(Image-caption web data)
- - - -
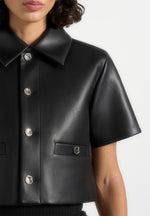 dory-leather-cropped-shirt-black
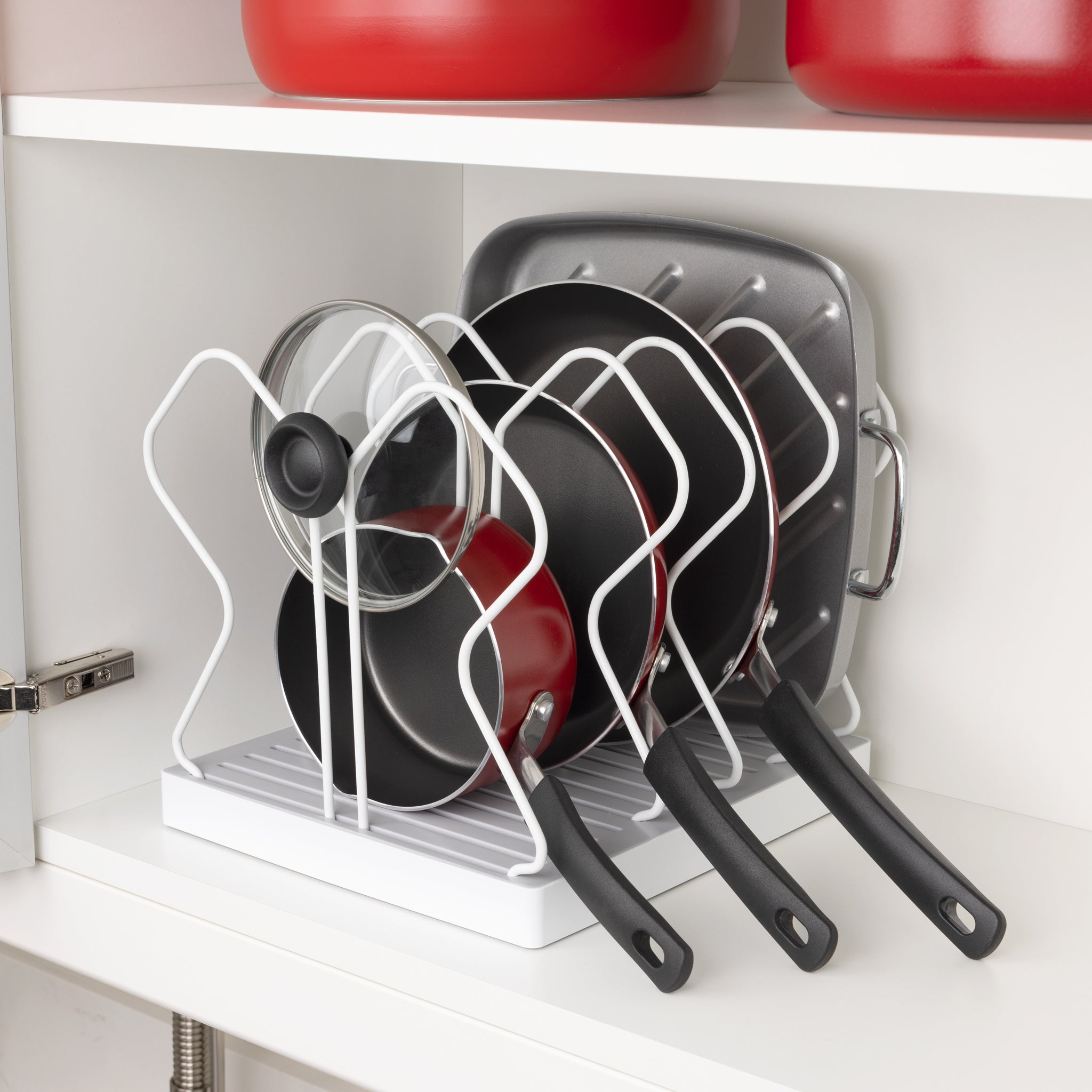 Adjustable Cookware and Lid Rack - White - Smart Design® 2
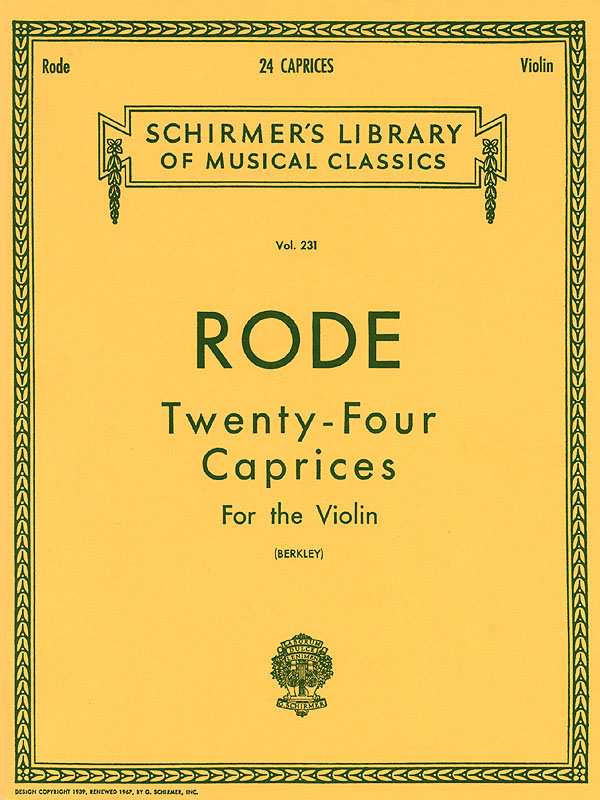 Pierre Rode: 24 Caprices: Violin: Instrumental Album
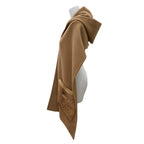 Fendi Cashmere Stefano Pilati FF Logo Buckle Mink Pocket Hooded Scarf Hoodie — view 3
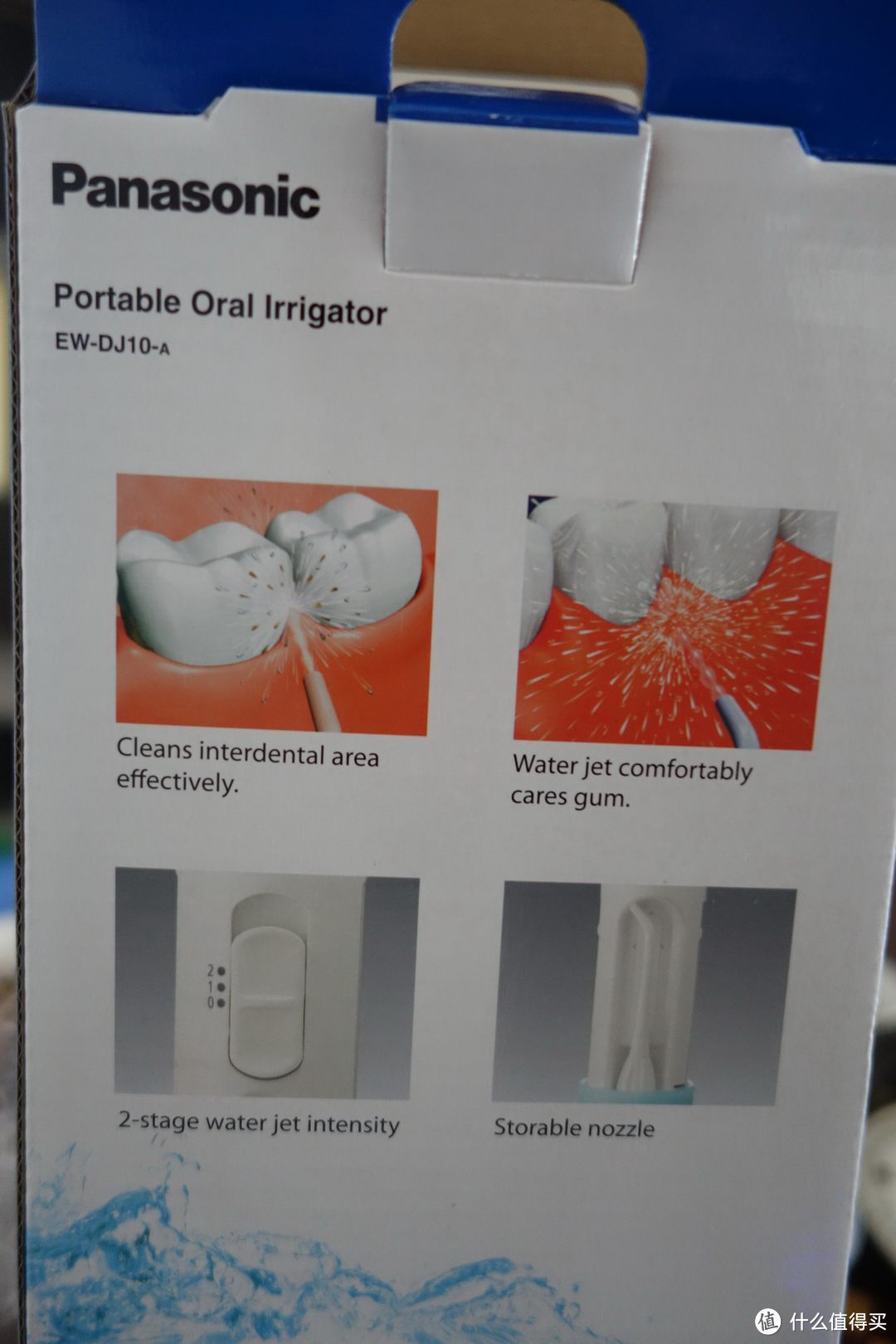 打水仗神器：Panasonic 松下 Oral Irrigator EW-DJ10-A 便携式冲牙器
- - - -
ASSIGNMENT →
Every line above should be returned word for word, with the pictures left behind.

COMPLETED TASK →
 dory-leather-cropped-shirt-black
 Adjustable Cookware and Lid Rack - White - Smart Design® 2
 Pierre Rode: 24 Caprices: Violin: Instrumental Album
 Fendi Cashmere Stefano Pilati FF Logo Buckle Mink Pocket Hooded Scarf Hoodie — view 3
 打水仗神器：Panasonic 松下 Oral Irrigator EW-DJ10-A 便携式冲牙器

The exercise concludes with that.